The chief security officer (CSO) is also impacted. More than ever before, the CSO needs to have a solid understanding of both physical security and cybersecurity.

Where is cybersecurity headed? For example, will more environments be scrutinized, will more devices be installed?

As more devices become connected, cybersecurity will continue to focus on securing those devices and the network. Developers will need to devise better processes for establishing trusted access to the IoT, including server-based authentication.

Attack prediction will also be a big trend for the coming months. Being able to see network events before they occur and thereby prevent real problems is a huge benefit. Users will need to upgrade to cyber-hardened IoT devices and remove the vulnerable ones (for example, legacy DVRs).

Additionally, unifying IoT devices with information and event management defines a strong direction for enterprise cybersecurity in 2017. The new category of applications known as security information and event management (SIEM), or security intelligence, is an approach to comprehensive, event-based network security management. Organizations understand the need for SIEM, but usually choose business cases with regulatory compliance first, such as PCI DSS, HIPAA, NERC CIP, and FISMA.
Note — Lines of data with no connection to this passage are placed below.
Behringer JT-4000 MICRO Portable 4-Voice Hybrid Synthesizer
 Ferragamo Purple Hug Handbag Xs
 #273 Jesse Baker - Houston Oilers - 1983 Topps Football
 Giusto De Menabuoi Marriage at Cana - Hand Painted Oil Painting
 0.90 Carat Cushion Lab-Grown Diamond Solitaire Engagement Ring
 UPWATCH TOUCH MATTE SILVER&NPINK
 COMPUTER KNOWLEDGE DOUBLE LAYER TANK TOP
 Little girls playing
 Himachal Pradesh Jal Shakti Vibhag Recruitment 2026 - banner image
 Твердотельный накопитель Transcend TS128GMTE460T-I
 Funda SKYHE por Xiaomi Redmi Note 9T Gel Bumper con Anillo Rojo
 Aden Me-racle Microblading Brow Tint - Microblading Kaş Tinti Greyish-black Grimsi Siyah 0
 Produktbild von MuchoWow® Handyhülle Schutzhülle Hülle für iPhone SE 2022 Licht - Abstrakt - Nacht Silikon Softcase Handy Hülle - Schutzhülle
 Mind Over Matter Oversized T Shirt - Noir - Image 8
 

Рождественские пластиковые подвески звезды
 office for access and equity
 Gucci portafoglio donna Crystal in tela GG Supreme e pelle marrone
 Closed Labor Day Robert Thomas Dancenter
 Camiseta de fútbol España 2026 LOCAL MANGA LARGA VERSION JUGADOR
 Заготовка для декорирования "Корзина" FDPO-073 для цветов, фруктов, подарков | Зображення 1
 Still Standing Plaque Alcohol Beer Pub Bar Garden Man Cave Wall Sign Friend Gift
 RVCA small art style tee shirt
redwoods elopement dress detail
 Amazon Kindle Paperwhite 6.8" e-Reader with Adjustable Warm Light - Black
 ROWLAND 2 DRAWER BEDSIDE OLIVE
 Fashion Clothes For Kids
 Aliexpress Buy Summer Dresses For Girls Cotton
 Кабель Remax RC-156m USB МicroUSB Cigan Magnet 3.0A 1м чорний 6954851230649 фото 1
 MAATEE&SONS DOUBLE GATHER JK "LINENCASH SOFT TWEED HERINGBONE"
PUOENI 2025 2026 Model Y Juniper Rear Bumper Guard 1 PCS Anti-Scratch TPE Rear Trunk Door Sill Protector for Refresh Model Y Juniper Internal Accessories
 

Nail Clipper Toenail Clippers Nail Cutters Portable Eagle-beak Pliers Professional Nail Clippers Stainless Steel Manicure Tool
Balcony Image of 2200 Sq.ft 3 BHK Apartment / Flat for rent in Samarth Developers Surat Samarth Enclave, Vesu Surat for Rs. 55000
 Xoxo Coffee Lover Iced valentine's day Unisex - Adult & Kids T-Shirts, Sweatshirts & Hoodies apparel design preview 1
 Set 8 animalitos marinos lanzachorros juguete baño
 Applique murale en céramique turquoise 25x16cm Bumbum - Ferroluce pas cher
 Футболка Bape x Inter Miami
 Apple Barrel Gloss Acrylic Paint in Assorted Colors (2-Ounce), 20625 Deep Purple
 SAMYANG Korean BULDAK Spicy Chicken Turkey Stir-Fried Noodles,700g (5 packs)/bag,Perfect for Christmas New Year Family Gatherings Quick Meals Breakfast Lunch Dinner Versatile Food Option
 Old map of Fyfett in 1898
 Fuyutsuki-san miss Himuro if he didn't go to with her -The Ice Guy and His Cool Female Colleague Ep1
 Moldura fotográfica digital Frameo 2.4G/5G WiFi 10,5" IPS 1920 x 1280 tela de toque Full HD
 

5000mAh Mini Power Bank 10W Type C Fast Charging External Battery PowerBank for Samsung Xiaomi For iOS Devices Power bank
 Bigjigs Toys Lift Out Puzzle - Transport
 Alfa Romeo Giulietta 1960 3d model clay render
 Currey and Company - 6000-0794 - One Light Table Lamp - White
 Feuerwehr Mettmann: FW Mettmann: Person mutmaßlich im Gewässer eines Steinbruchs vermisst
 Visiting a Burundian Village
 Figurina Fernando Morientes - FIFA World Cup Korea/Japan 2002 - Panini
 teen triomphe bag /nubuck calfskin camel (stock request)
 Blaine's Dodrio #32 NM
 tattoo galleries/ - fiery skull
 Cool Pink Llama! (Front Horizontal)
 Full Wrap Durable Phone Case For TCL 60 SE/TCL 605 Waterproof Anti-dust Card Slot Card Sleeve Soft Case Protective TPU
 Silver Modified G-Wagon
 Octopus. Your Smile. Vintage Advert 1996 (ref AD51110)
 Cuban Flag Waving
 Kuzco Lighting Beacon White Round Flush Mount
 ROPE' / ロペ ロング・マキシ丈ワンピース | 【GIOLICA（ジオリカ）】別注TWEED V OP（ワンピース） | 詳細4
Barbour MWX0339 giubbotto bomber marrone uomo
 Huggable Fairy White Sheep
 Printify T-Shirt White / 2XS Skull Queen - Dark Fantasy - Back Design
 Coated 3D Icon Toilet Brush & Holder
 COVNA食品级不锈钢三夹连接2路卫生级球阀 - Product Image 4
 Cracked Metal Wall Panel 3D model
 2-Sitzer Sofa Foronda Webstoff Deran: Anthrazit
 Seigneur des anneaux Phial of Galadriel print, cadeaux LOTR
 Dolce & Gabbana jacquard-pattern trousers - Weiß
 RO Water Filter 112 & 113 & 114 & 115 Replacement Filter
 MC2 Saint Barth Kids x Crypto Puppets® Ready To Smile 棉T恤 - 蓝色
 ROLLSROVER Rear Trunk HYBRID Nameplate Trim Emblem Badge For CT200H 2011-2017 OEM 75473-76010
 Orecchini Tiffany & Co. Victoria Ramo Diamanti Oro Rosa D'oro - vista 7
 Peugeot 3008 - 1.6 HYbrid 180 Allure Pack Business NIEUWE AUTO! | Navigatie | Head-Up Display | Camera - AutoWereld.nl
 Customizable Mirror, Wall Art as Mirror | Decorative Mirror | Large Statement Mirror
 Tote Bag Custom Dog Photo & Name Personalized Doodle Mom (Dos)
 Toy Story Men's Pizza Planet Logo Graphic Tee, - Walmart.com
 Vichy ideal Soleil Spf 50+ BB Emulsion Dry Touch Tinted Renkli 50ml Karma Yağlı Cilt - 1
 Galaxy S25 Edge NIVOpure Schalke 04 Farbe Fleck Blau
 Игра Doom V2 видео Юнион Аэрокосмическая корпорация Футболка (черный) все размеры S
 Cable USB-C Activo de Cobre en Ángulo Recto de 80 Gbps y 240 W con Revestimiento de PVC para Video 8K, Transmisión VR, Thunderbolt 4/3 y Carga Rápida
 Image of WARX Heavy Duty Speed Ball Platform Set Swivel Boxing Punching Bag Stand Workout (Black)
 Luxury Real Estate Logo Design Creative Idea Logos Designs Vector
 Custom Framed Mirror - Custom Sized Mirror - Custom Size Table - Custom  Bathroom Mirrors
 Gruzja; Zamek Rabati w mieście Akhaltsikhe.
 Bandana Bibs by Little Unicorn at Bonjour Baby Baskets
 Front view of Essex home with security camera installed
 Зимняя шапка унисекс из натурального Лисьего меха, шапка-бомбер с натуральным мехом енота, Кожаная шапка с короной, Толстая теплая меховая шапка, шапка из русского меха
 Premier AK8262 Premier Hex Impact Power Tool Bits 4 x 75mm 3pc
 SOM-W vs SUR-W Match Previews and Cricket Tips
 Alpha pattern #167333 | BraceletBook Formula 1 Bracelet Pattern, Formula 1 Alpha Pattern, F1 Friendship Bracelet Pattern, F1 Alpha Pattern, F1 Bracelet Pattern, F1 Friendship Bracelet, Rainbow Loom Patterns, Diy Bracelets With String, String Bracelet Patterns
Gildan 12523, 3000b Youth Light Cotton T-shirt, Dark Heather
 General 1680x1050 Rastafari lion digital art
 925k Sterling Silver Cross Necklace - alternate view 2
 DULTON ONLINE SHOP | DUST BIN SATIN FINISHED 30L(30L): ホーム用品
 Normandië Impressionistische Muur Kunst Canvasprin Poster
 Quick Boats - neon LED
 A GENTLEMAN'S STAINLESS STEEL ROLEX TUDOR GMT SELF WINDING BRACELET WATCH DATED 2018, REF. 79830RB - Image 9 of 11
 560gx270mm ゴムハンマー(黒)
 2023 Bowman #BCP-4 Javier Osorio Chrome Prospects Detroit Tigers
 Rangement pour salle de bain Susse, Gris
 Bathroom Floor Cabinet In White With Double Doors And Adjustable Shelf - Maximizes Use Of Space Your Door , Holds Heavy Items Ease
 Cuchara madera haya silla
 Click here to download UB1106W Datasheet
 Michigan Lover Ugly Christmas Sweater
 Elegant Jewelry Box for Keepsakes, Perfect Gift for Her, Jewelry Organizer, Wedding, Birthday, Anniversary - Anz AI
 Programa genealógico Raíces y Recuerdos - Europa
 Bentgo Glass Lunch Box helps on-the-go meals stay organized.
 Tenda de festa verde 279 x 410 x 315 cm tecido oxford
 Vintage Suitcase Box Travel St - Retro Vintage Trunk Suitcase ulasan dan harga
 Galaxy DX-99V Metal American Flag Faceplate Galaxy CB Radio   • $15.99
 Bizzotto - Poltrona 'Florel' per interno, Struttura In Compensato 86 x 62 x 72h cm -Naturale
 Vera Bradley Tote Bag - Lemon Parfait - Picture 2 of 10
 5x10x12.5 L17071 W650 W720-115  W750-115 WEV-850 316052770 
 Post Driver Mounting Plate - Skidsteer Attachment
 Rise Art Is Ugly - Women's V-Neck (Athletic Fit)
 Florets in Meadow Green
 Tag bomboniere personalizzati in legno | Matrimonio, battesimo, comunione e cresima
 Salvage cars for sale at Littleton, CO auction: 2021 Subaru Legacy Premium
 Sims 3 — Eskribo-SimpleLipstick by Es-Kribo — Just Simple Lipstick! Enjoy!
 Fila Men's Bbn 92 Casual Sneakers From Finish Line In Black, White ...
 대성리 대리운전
How fast will the growth of IoT surveillance be -- double the number of cameras in two years, for example?

In regards to IoT-enabled video surveillance, the growth of camera use will only be limited by one remaining factor -- infrastructure. Right now, major cities suffering from rising homicide rates are moving rapidly to reduce drive-by shootings, gang violence, and domestic terrorism by deploying intelligent surveillance devices.

Datacasting -- the repurposing of unused analog television transmission frequencies -- is being piloted by the U.S. Department of Homeland Security to help large cities extend their video surveillance more rapidly and at lower cost.

Any final thoughts?

Being "selective" about what data we collect will not necessarily serve our needs in the future. Instead, we would benefit from ingesting unstructured data and understanding it by applying specialized cognitive processing engines in the cloud and embedded IoT devices that can be added and optimized later. We can use this insight to better identify trends and triggers.